1. ##### Standard Deviation Cohen's D

This formula calculates a pooled standard deviation with two independent samples.

2. ##### Cohen's D

Plots of the densities of Gaussian distributions showing different Cohen's effect sizes.

Cohen's D is a method of estimating effect size in a t-test based on means or distances between/among means (Figure 2). An effect size is a measure of the strength of a phenomenon—for example, the relationship between two variables in a statistical population (or a sample-based estimate of that quantity). An effect size calculated from data is a descriptive statistic that conveys the estimated magnitude of a relationship without making any statement about whether the apparent relationship in the data reflects a true relationship in the population. In that way, effect sizes complement inferential statistics such as p-values. Among other uses, effect size measures play an important role in meta-analysis studies that summarize findings from a specific area of research, and in statistical power analyses.

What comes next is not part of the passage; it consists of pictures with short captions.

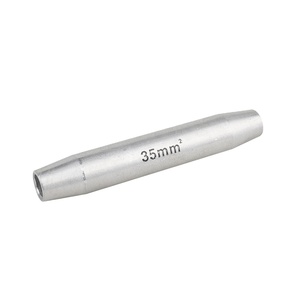 Jy Mid-span nén Conductor Splice tay áo ống loạt nhôm sợi quang kết nối nhanh chóng kết nối nhanh SC UPC 3 năm - Product Image 1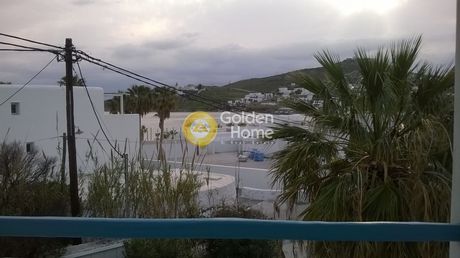 Apartment 70 sqm for rent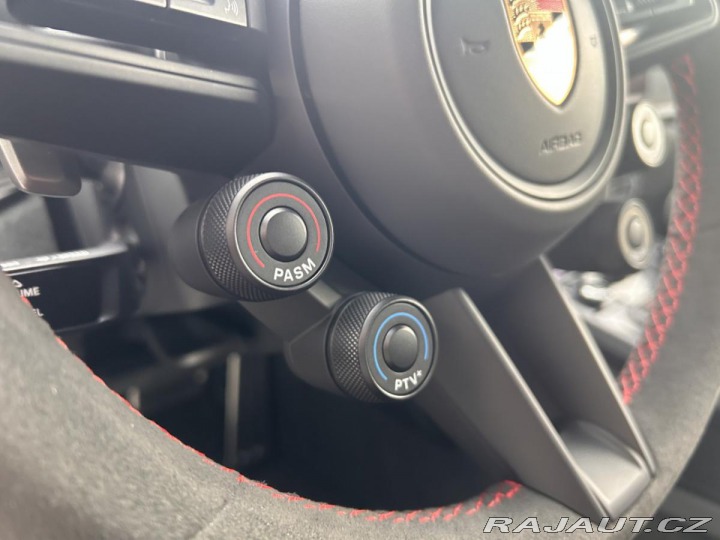 Porsche 911 GT3 RS 2024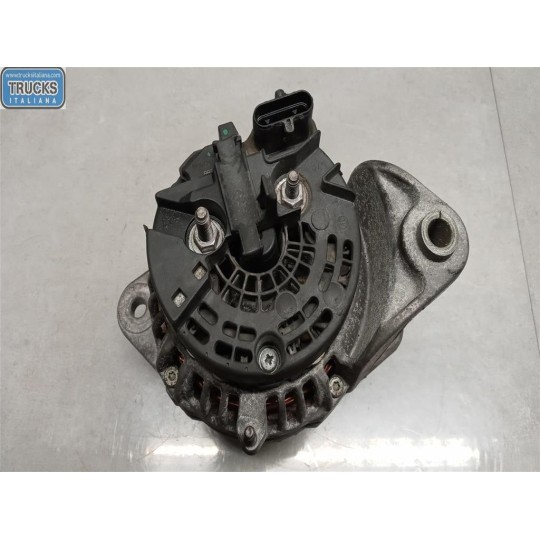 ALTERNATOR VOLVO truck FH13 used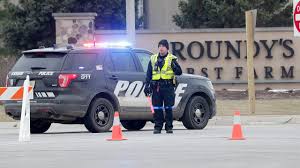 Using myaccount, you can now easily and quickly track your energy usage, spot trends and. Shooting In Oconomowoc What We Know What We Don T About Roundy S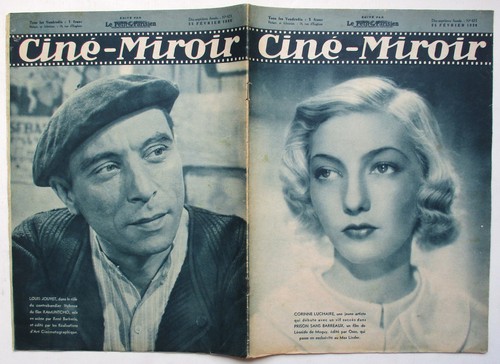 Ciné miroir 673 28 - n°,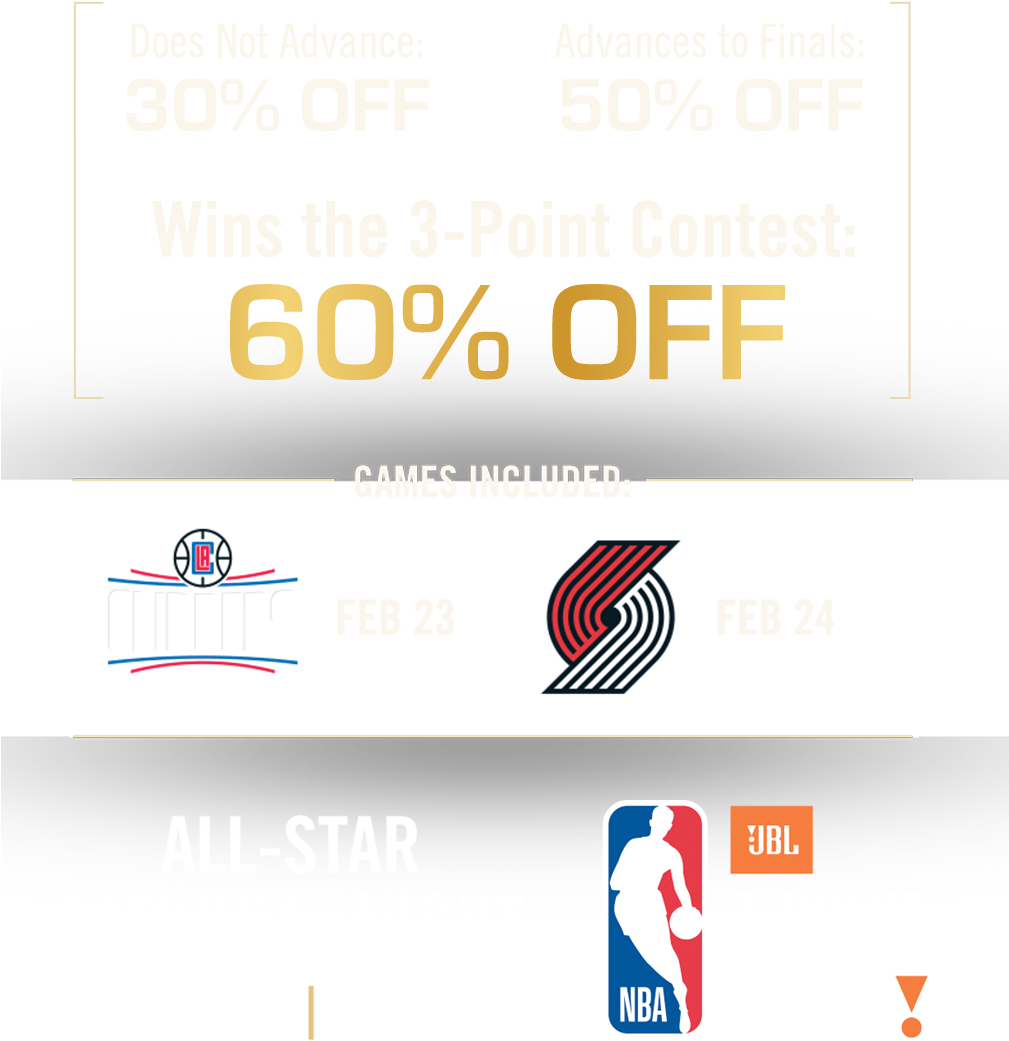 Discounted Pricing Based On Where Devin Finishes In - Nba Logo Perfect Cut Decal 4 X 4 (1008x1121), Png Download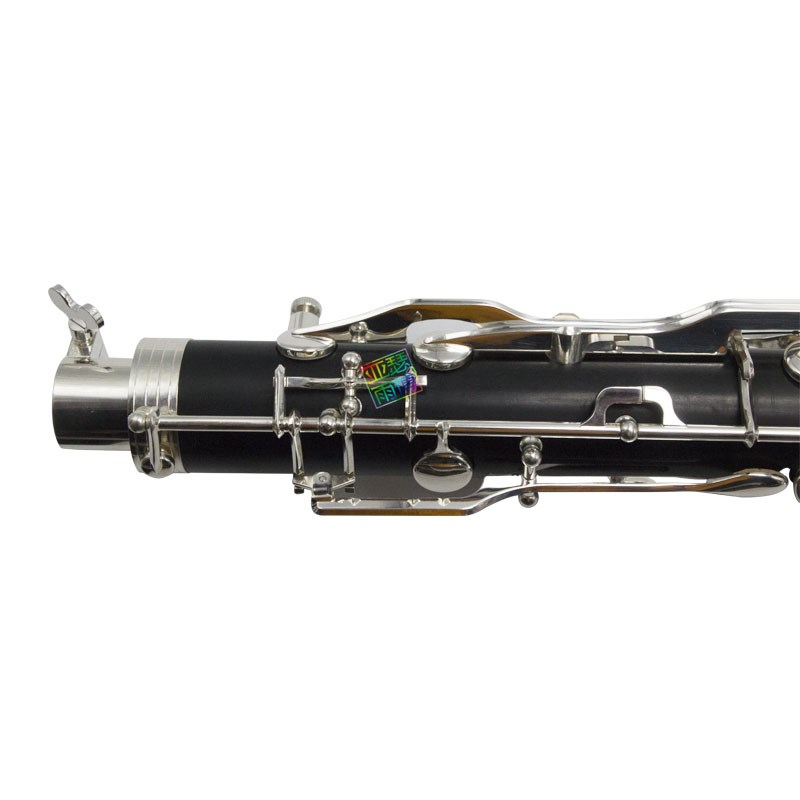 KRL LEITER 低音单簧管 乌木黑管 型号KBC0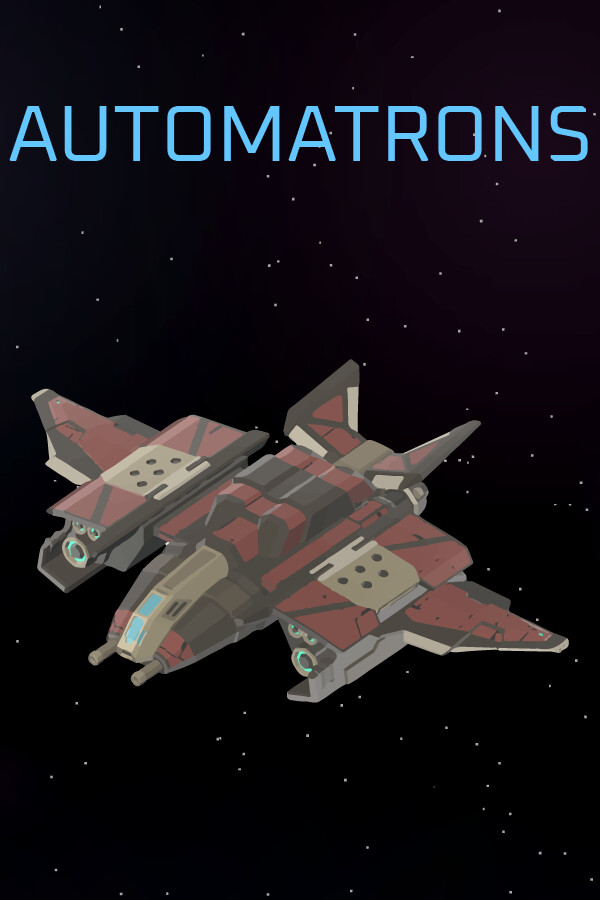 Automatrons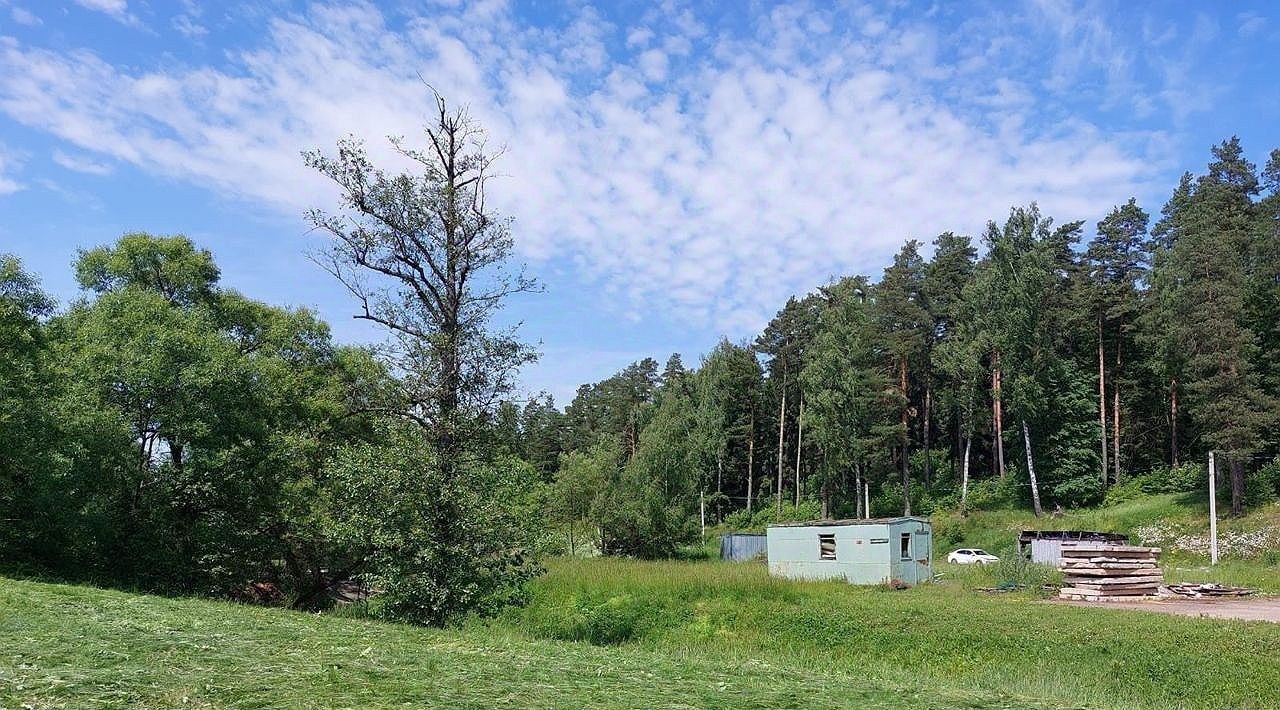 земля городской округ Луховицы д Ольшаны 68, Дмитровский муниципальный округ фото 3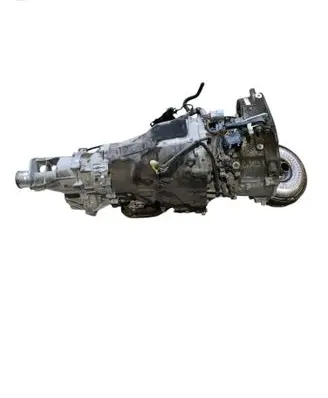 Subaru Ascent Automatic gearbox TR690S61DA 075520RC 075520R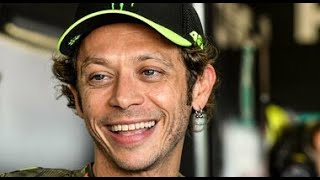 VALENTINO ROSSI  il Mio Anno Più Bello DVD [upl. by Montana]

The concept of effect size already appears in everyday language. For example, a weight loss program may boast that it leads to an average weight loss of 30 pounds. In this case, 30 pounds is an indicator of the claimed effect size. Another example is that a tutoring program may claim that it raises school performance by one letter grade. This grade increase is the claimed effect size of the program. These are both examples of "absolute effect sizes," meaning that they convey the average difference between two groups without any discussion of the variability within the groups.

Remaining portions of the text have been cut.